Sufi Persia lain abad ke-11 M, Ali Utsman al-Hujwiri dalam kitabnya menyatakan bahwa rumah Tuhan itu ada dalam pusat perenungan orang yang telah mencapai musyahadah. Kalau seluruh alam semesta bukan tempat pertemuan manusia dengan Tuhan, dan juga bukan tempat manusia menikmati hiburan berupa kedekatan dengan Tuhan, maka tidak ada orang yang mengetahui makna cinta ilahi. Tetapi apabila orang memiliki penglihatan batin, maka seluruh alam semesta ini akan merupakan tempat sucinya atau rumah Tuhan. Langkah sufi sejati sebenarnya merupakan tamsil perjalanan menuju Mekkah. Tujuan perjalanan itu bukan tempat suci itu sendiri, tetapi perenungan keesaan Tuhan (musyahadah), dan perenungan dilakukan disebabkan kerinduan yang mendalam dan luluhnya diri seseorang (fana’) dalam cinta tanpa akhir (Kasyful Mahjub 293-5).

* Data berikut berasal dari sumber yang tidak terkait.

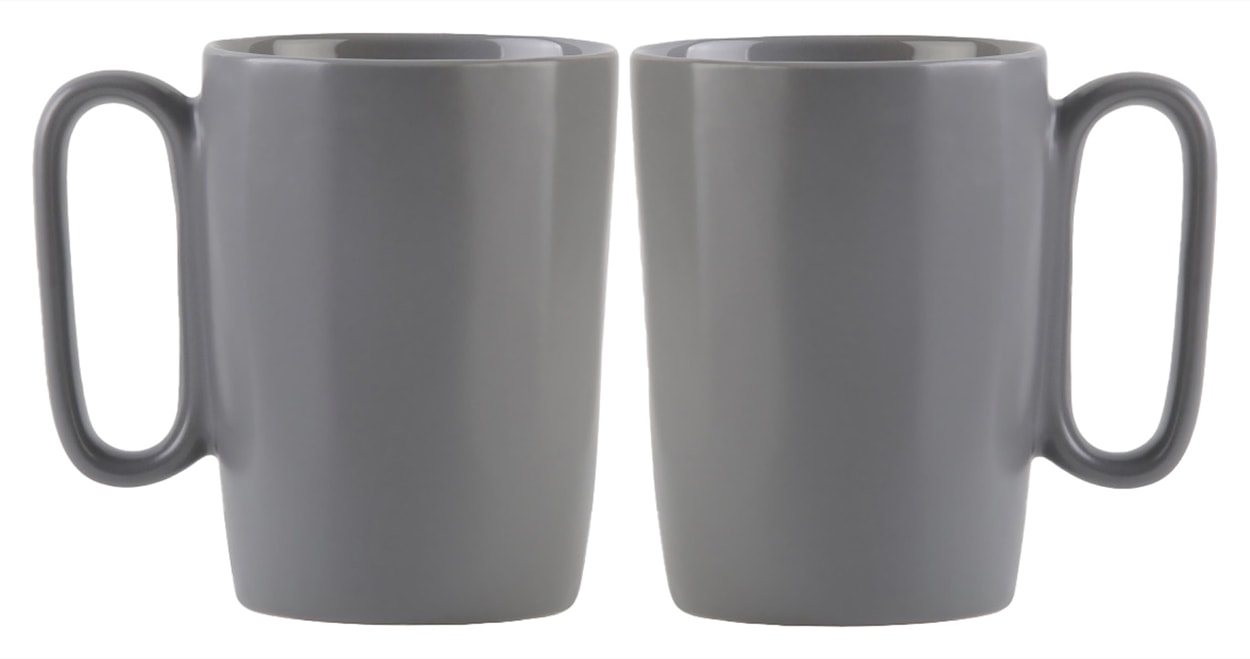 Zestaw 2 kubków Fuori 250 ml ceramiczne szare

Berdasarkan uraian tersebut, dapatlah dipahami apabila dalam Suluk Wujil dikatakan, “Tidak ada orang tahu di mana Mekkah yang hakiki itu berada, sekalipun mereka melakukan perjalanan sejak muda sehingga tua renta. Mereka tidak akan sampai ke tujuan. Kecuali apabila seseorang mempunyai bekal ilmu yang cukup, ia akan dapat sampai di Mekkah dan malahan sesudah itu akan menjadi seorang wali. Tetapi ilmu semacam itu diliputi rahasia dan sukar diperoleh. Bekalnya bukan uang dan kekayaan, tetapi keberanian dan kesanggupan untuk mati dan berjihad lahir batin, serta memiliki kehalusan budi pekerti dan menjauhi kesenangan duniawi.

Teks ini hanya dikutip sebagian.